As the saying goes, a journey of a thousand steps starts with one. Tell us about your inspiration for your novel.
The seed of the idea came from a non-fiction book I read called Last Child in the Woods by Richard Louv. It was the book that coined the term nature deficit disorder and claims we are raising the first generation of children to grow up without meaningful contact with nature. And of course at the same time, we’re more stressed, more depressed, and there are rising rates of allergies and autoimmune conditions, and mounting evidence that these things are connected. From a story point of view, there was just something about Louv’s title that I couldn’t stop thinking about: who were these last children in the woods?
Now we have got into our stride, can you tell us what you loved most about writing this book?
I adored writing this book! It was my own escape from the city. I loved imagining Juniper and Bear walking out into the wild and thinking what that might look like – a world that has been abandoned for fifty years.
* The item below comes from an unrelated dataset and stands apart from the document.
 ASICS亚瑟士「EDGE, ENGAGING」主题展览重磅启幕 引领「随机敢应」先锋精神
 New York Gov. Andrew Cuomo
In Japan people practice ‘shinrin-yoku’, or forest bathing, and this book was my own kind of forest bathing. I could feel the landscape of my brain change when I was writing it, especially the second half of the book, which is more elegant I think, and smoother, than the city section, which is quite claustrophobic and itself a bit congested at times.
We seem to be lost in the woods now. Can you describe your most difficult moments when you were writing, and how you got back onto the right path?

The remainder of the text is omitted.